BUSINESS

US home construction down 2.8 per cent in October, with weakness in volatile apartment building

11/19/2014 08:49 EST | Updated 01/19/2015 05:59 EST
WASHINGTON - Construction of new homes fell slightly in October after a big surge in the previous month, but the weakness was largely driven by the volatile apartment sector.

Builders started construction at a seasonally adjusted annual rate of 1.009 million last month, the Commerce Department reported Wednesday. That was a drop of 2.8 per cent from September when construction had jumped 7.8 per cent to 1.038 million.

The weakness stemmed from a 15.4 per cent plunge in apartment construction, a category that tends to have big swings from month to month. Construction of single-family homes was up 4.2 per cent, the third gain in the past four months.

Applications for building permits, a good sign of future activity, rose 4.8 per cent in October to 1.08 million.

While overall construction was down in October, analysts said the weakness was confined to apartment building, which had seen a huge increase in September. They noted upward revisions to overall activity in September and August and forecast further gains in the months ahead.

"The improving trend should continue, supported by generally low rates ... and strong job growth," said Jennifer Lee, senior economist at BMO Capital Markets.

Showing strength in October was the South, which posted a 10.1 per cent jump on construction starts. All other regions of the country recorded declines. Construction fell 18.5 per cent in the Midwest, 16.4 per cent in the Northeast and 10.9 per cent in the West.

Solid employment gains, lower mortgage rates and somewhat easier lending standards are likely to boost housing in coming months.
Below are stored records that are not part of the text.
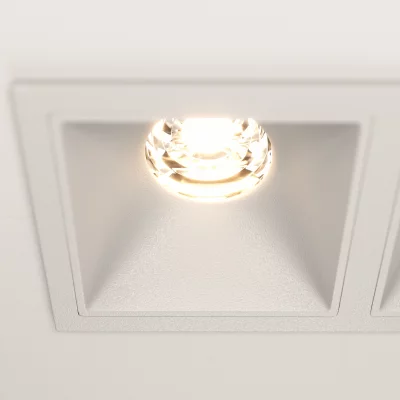 Встраиваемый светильник Alfa LED квадратный белый 4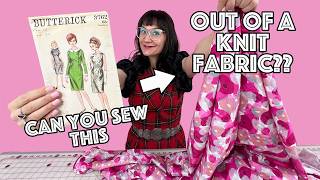 How To Sew Any Woven Pattern Out Of A Knit Fabric! All The Tips You Need!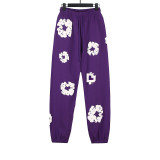 Foreign trade American-style trendy brand high-quality foam-printed high street pants, unisex.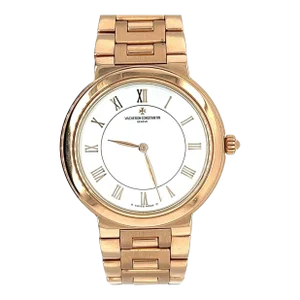 Vacheron Constantin Patrimony 18K Rose Gold Ultra Thin 32mm Dial Watch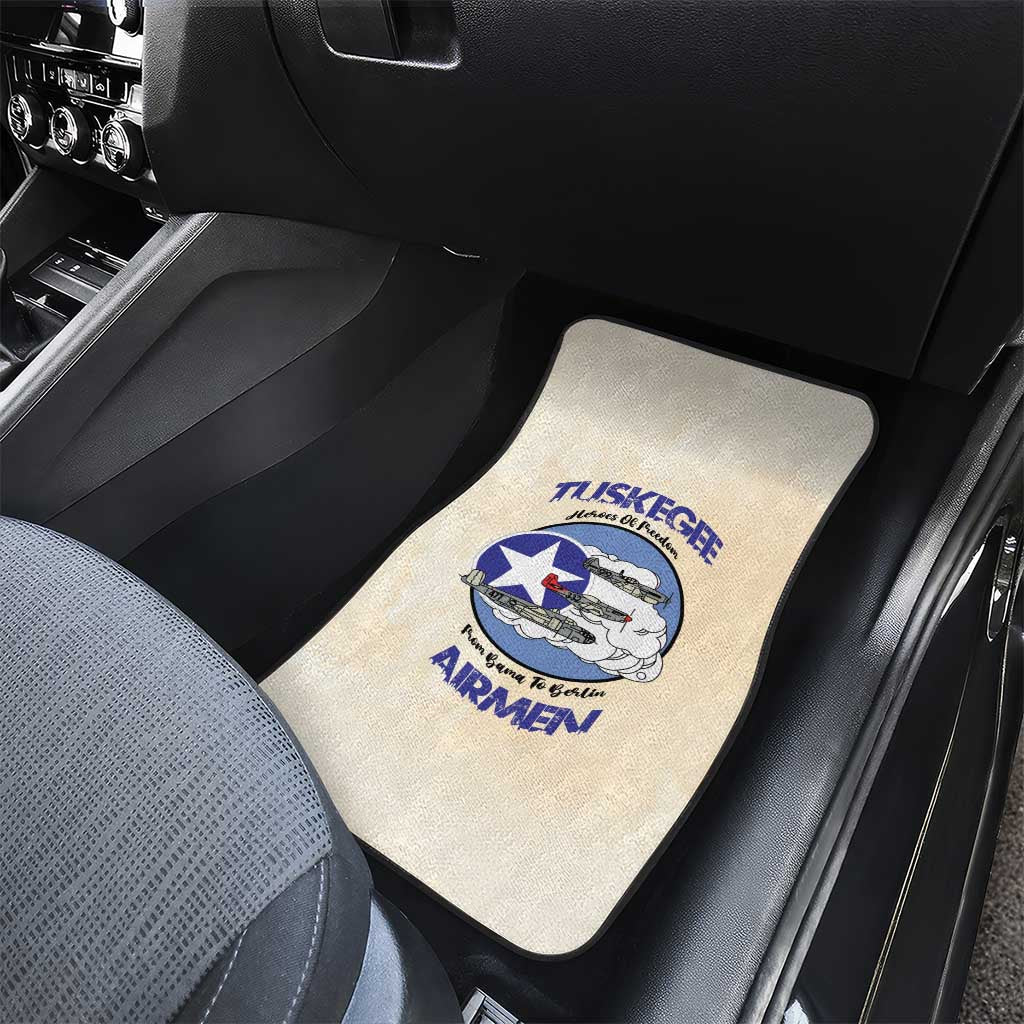 Tuskegee Airmen Red Tails Car Mats Heroes Of Freedom Retro Style - African Pride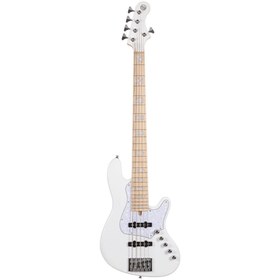 Resim Cort NJS5WHT Bas Gitar | 5 Telli Aktif - Beyaz 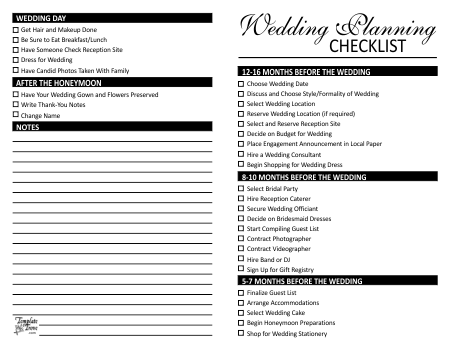 printable wedding checklist philippines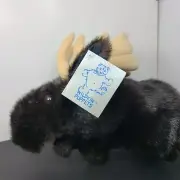 Vtg Wildkin Hand Puppets McKENZIE MOOSE ELK 1989 Korea 12" Toy With Tags EUC!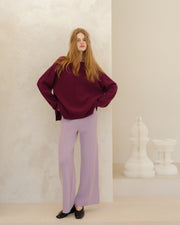 Cashmere Mix Ribbed Crewneck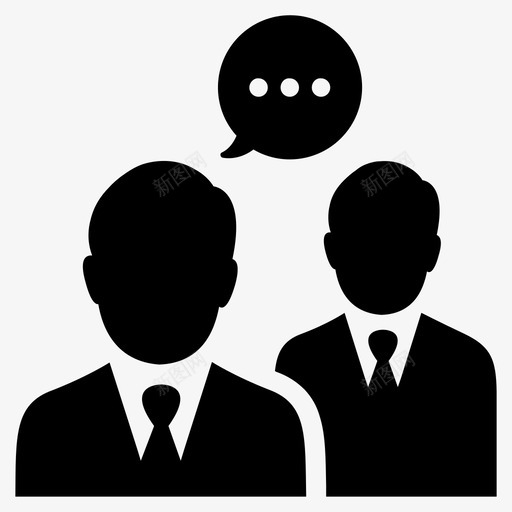 谈判演讲男人图标svg_新图网 https://ixintu.com 交流 会议 商业团体 商业电子商务 商人 演讲 用户 男人 谈判 谈话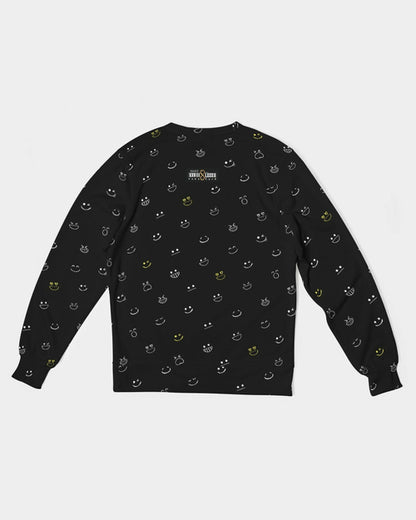 2882Sport™ Fit My Mood: Winky Face Men's French Terry Crewneck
At the same time, economists are concerned about price gains, which so far have been outpacing wage increases.

Price increases have cut into affordability for would-be buyers, limiting sales growth for new homes and cutting into sales for existing homes.

But in an encouraging sign, U.S. homebuilders' confidence rebounded in November as both sales expectations and buyer traffic improved. The National Association of Home Builders/Wells Fargo index rose to 58 this month, up from 54 in October.

That puts the index just short of September's reading of 59, which was the highest level since November 2005, shortly before the housing bubble burst. Readings above 50 indicate more builders view sales conditions as good rather than poor.